TASK OBJECTIVE – With the pictures omitted, repeat exactly the lines below starting with the line that has "6 bedroom end" and going on through the line that has "Etagenwohnung Chemnitz Markersdorf".

GIVEN RECORDS –
_ _ _ _

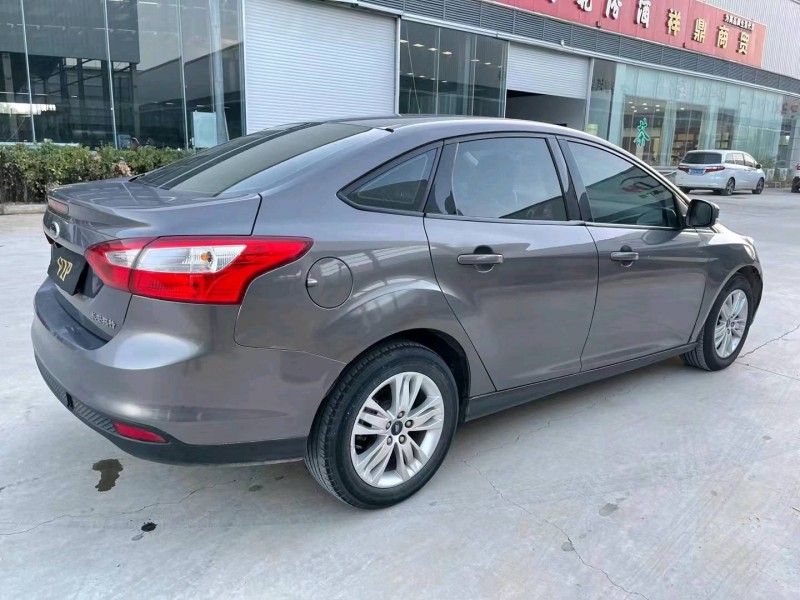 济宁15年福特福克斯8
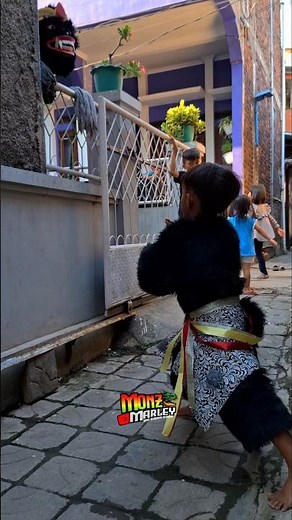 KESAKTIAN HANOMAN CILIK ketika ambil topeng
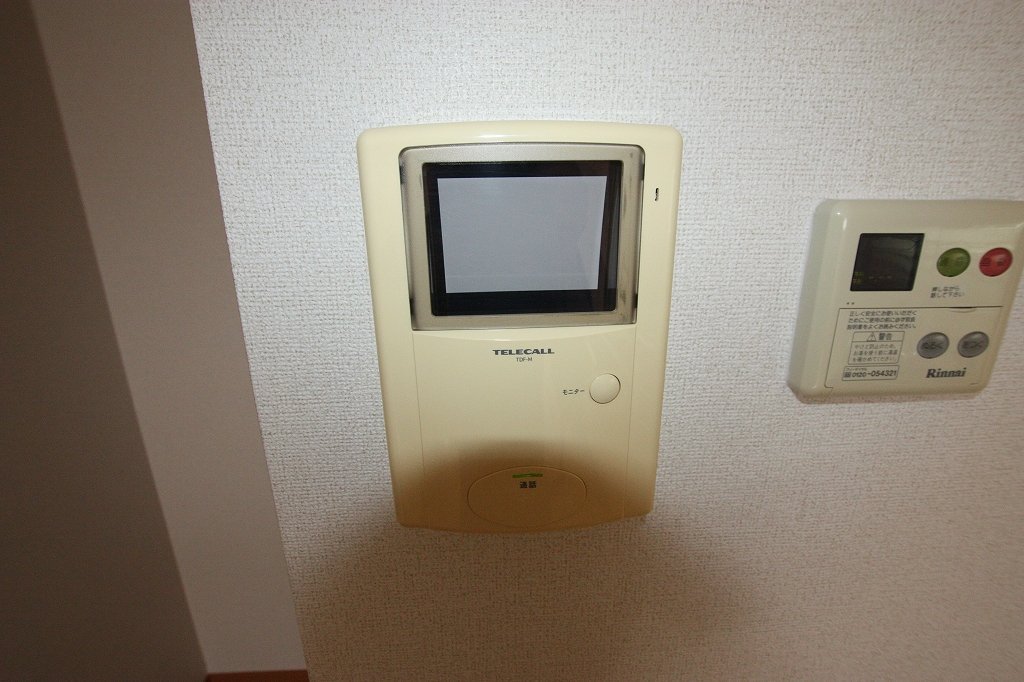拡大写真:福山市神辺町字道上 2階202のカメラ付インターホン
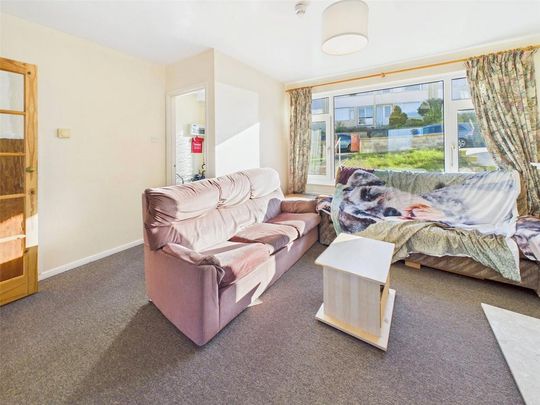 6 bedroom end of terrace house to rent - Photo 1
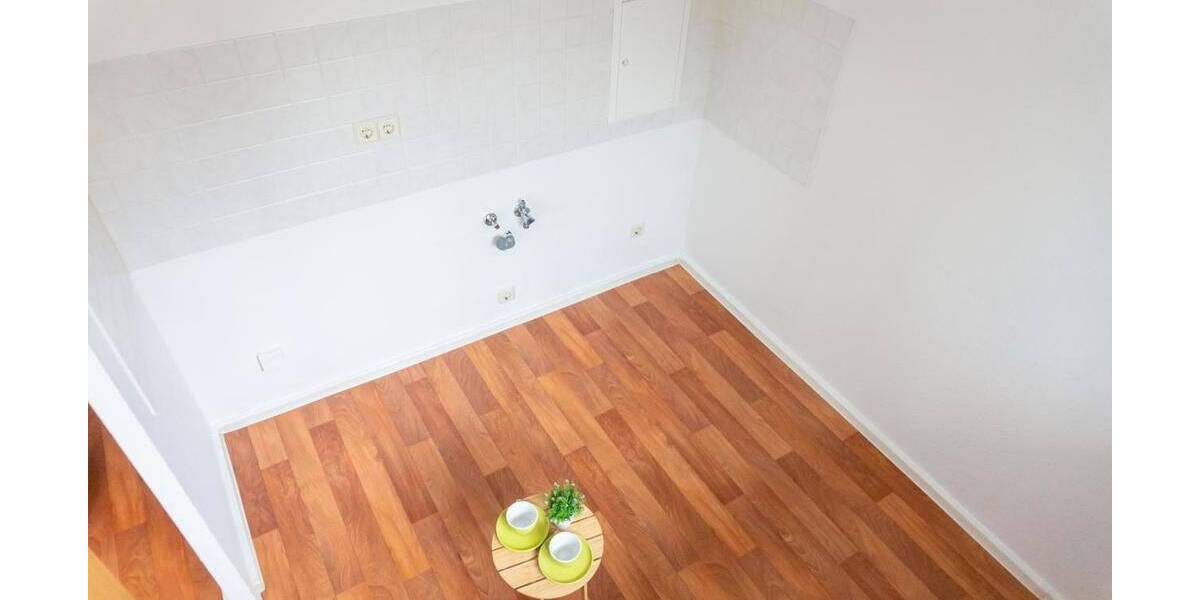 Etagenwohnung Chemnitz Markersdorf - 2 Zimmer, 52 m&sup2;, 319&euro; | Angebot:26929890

_ _ _ _

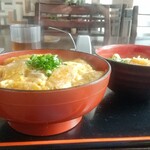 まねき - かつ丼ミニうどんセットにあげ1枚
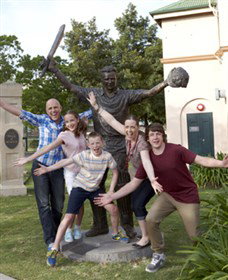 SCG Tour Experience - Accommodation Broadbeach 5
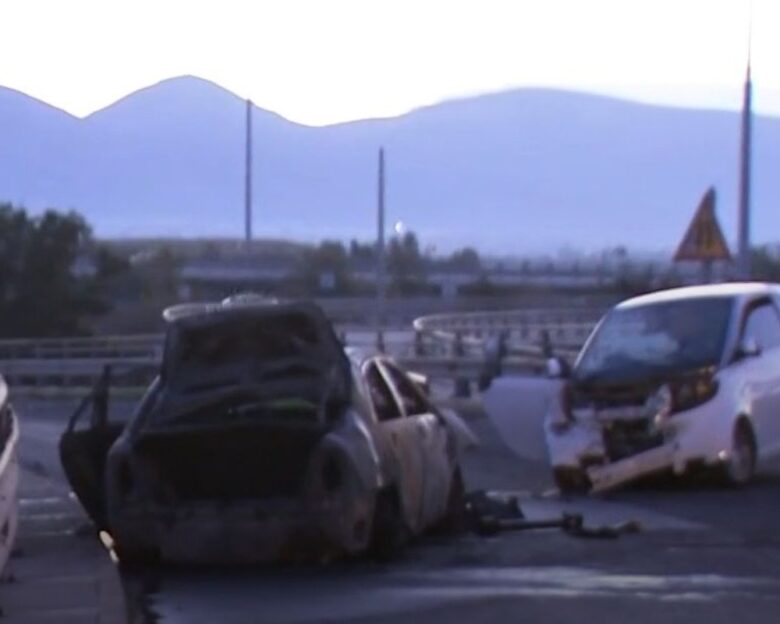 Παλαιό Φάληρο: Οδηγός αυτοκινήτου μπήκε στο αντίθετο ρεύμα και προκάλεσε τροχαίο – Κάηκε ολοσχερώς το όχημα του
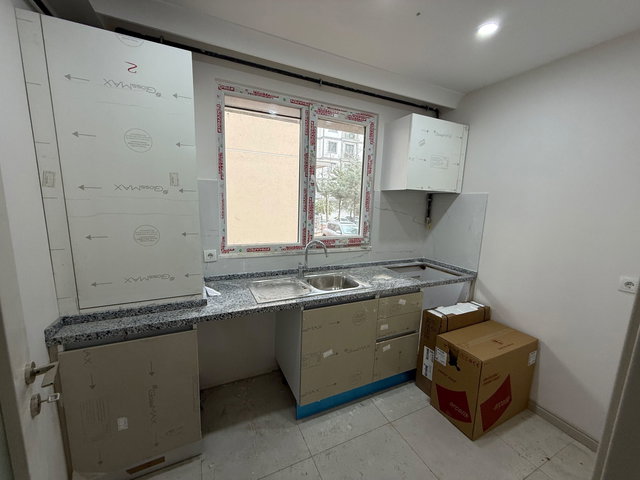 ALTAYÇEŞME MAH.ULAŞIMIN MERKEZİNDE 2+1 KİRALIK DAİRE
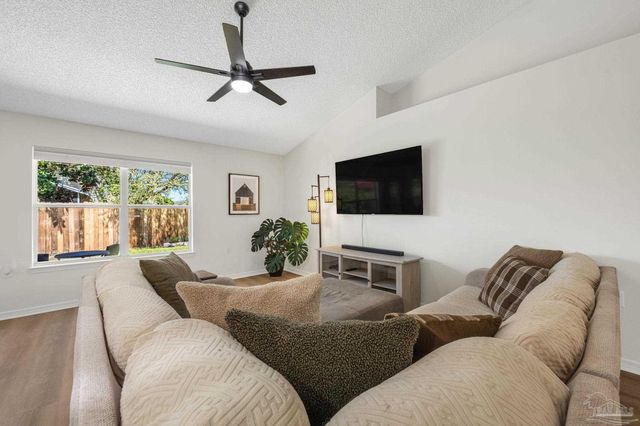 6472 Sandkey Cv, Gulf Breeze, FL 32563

_ _ _ _

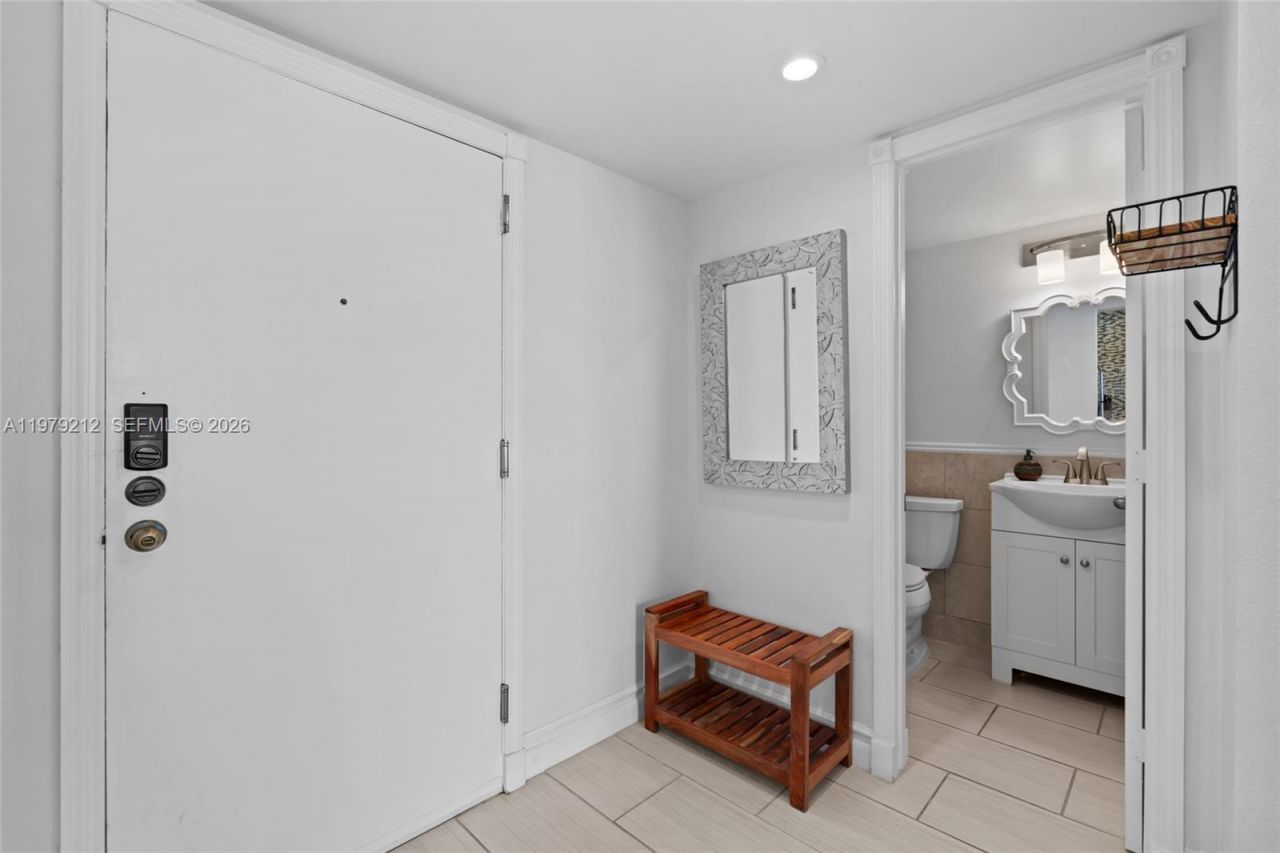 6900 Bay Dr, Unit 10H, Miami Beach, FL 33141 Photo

_ _ _ _

EXERCISE RESULT –
 6 bedroom end of terrace house to rent - Photo 1
 Etagenwohnung Chemnitz Markersdorf - 2 Zimmer, 52 m&sup2;, 319&euro; | Angebot:26929890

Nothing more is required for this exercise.